The county is required by statute to name known potential buyers or lessees. Known potential buyers or lessees, according to county information, include local and regional nonprofit and public health systems and for-profit national hospital chains such as Carolinas Healthcare System, Community Healthcare System, Duke/LifePoint, HCA, HMA, Iasis Healthcare, LHP Hospital Group, Novant Health, Pinnacle Health, RegionalCare, Sentara Healthcare, Tenet Healthcare, UNC Healthcare System, Vidant Health System, Wake Forest Baptist and WakeMed.
At the meeting, commissioners would request proposals from no fewer than five bidders.
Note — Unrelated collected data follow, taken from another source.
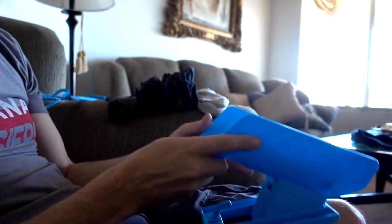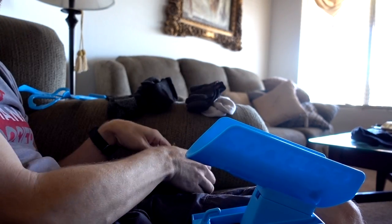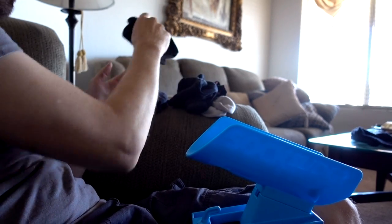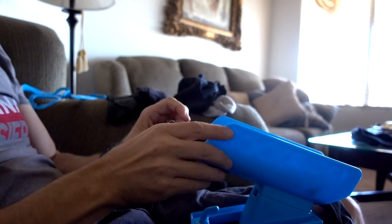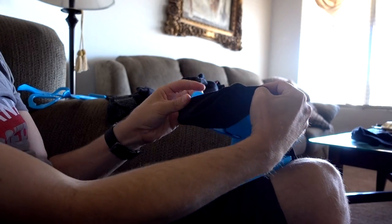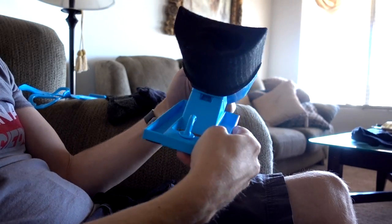First, you're supposed to put the Sock Slider up on your lap and put the socks over it. I've got a bunch of different socks — tighter ones, looser ones, shorter ones, longer ones. I'm going to start with a regular pair of Reebok socks. What you're supposed to do is place the sock over the opening like this and kind of push it downward.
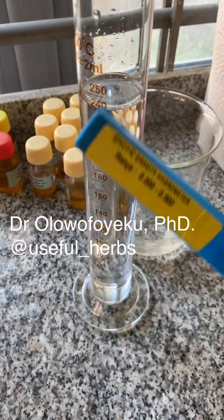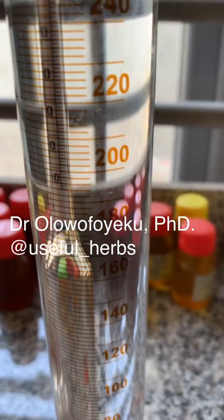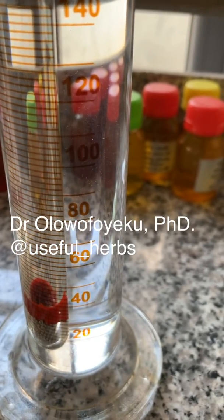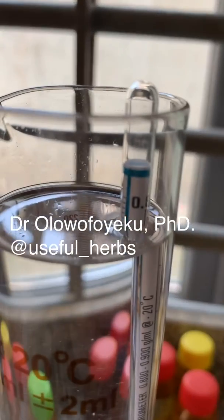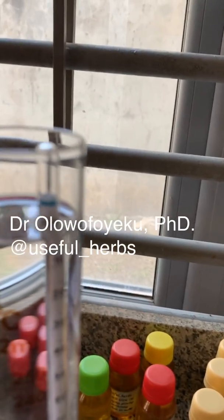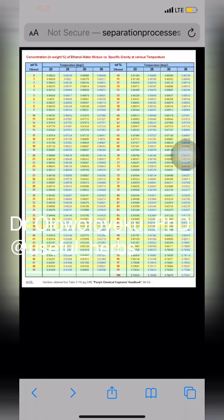That's the hydrometer immersed in 96 percent ethanol right there. You can see that the hydrometer is immersed and floating in the liquid like that. When it stops moving up and down, you take your measurement. The specific gravity of 96 percent ethanol is low. You can see the meniscus there — that's where you take your reading.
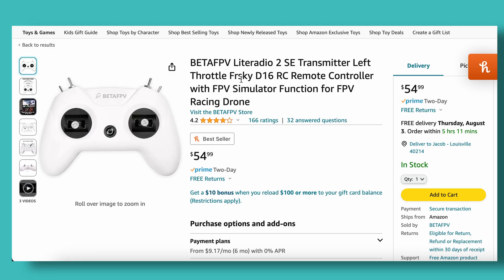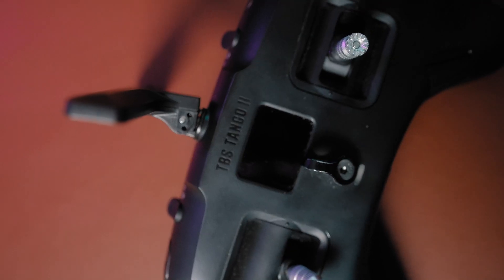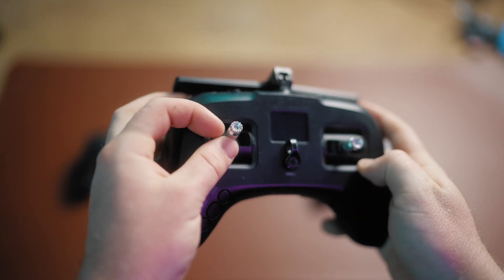For the drone controller, you can either start off cheap and get a $50 controller, or you can get one that's going to last you a long time. I bought the TBS Tango 2 and that is the only drone controller I have used — I bought it just for the simulator and now I use it on all of my drones. You can use a PlayStation or Xbox controller, but the issue is the sticks are not going to be the same as a real drone controller.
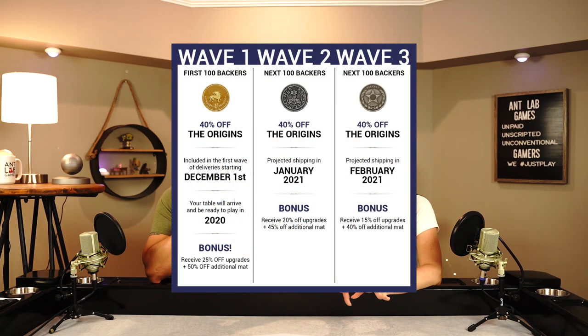We're getting the word out about this new company and also giving you info on how you can get a deal. They already did a pre-order for these and they all sold out. They've opened up a group buy, which is going to allow you to get the table for 40% off the retail price, depending on which group you're in. They're doing groups of 100, so the sooner you get on it, the more discounts you actually get.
The process must reflect the current work already undertaken by Wilson Medical Center and states no proponent will be considered unless also approved by Wilson Medical Center.
On Aug. 6, commissioners will give 15 days notice of their intent to hold a public hearing on the resolution of intent.
As early as Aug. 21, commissioners could conduct a public hearing on the resolution.
On Nov. 4, the regular commissioners meeting is scheduled where the transaction could potentially be approved.
If all went close to the projected timeline, the deal to close the joint venture could be finalized by around Nov. 14.
"We look forward to the possibility of Wilson Medical Center joining the Duke LifePoint family of hospitals,” said William J. Fulkerson Jr., executive vice president of Duke University Health System.